Please return the lines below verbatim, beginning at the one that has "Familia feliz con" and stopping after the one that has "V.I.Lenin - Cương", and add no other lines.

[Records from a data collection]
++++++++++
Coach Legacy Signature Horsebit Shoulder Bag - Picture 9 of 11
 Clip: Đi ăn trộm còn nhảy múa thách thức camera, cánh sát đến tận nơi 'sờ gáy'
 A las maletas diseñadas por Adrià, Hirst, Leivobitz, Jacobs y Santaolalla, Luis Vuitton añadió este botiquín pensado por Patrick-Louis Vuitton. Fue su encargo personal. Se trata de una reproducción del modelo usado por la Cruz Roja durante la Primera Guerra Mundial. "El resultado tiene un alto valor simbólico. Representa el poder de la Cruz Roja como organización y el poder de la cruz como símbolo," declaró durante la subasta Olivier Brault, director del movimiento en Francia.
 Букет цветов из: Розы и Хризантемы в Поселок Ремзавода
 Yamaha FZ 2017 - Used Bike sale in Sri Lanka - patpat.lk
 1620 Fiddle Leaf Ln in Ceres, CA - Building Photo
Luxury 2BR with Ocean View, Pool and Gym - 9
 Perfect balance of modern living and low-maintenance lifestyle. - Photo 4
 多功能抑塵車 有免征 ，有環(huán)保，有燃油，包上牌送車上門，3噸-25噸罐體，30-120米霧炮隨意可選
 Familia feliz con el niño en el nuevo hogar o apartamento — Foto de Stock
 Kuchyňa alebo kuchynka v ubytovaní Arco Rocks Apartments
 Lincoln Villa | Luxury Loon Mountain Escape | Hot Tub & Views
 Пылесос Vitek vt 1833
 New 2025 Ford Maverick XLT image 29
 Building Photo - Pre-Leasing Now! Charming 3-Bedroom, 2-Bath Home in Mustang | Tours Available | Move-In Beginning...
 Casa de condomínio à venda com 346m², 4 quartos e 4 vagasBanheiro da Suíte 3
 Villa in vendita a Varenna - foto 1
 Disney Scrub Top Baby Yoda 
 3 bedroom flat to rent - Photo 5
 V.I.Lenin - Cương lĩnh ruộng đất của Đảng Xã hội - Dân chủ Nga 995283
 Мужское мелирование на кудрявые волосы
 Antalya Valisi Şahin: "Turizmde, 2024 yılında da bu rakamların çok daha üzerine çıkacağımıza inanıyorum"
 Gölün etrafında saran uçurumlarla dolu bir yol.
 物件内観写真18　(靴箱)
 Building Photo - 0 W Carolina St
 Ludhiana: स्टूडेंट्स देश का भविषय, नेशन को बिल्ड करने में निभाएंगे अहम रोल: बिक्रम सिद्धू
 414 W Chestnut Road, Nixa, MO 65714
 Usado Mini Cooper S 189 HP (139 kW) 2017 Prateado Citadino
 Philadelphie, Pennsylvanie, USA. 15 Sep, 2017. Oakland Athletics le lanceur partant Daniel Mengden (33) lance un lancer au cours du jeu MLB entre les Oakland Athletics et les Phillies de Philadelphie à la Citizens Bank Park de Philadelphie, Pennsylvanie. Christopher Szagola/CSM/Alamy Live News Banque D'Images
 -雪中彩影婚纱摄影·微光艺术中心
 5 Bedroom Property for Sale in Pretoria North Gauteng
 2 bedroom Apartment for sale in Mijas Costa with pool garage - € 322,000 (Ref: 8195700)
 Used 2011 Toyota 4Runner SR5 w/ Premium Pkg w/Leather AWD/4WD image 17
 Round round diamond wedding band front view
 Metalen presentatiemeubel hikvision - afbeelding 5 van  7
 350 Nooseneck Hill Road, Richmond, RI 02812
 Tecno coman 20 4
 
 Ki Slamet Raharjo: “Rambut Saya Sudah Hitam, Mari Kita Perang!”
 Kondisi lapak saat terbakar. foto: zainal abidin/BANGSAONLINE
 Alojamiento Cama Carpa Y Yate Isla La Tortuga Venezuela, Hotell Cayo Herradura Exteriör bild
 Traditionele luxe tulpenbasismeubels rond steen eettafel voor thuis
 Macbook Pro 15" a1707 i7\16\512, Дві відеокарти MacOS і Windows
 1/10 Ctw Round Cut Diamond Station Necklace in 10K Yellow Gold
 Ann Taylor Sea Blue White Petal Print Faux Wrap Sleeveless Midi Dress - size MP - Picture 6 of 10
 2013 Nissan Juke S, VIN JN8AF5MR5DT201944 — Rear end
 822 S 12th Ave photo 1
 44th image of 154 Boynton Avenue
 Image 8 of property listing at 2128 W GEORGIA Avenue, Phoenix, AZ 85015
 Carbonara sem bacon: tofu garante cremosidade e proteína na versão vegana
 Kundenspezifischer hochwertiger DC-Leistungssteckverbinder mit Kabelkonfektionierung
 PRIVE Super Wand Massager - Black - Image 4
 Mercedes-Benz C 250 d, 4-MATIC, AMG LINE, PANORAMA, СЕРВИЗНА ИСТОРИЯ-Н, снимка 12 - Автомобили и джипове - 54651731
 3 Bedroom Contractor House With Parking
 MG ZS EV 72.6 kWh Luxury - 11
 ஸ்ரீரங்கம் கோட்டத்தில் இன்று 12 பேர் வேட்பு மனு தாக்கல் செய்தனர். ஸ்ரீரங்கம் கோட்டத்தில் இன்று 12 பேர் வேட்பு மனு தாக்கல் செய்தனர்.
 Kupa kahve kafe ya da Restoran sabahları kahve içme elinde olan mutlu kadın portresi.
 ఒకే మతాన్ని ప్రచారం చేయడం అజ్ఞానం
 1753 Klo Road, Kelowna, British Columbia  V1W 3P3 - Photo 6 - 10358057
++++++++++
### Reply
 Familia feliz con el niño en el nuevo hogar o apartamento — Foto de Stock
 Kuchyňa alebo kuchynka v ubytovaní Arco Rocks Apartments
 Lincoln Villa | Luxury Loon Mountain Escape | Hot Tub & Views
 Пылесос Vitek vt 1833
 New 2025 Ford Maverick XLT image 29
 Building Photo - Pre-Leasing Now! Charming 3-Bedroom, 2-Bath Home in Mustang | Tours Available | Move-In Beginning...
 Casa de condomínio à venda com 346m², 4 quartos e 4 vagasBanheiro da Suíte 3
 Villa in vendita a Varenna - foto 1
 Disney Scrub Top Baby Yoda 
 3 bedroom flat to rent - Photo 5
 V.I.Lenin - Cương lĩnh ruộng đất của Đảng Xã hội - Dân chủ Nga 995283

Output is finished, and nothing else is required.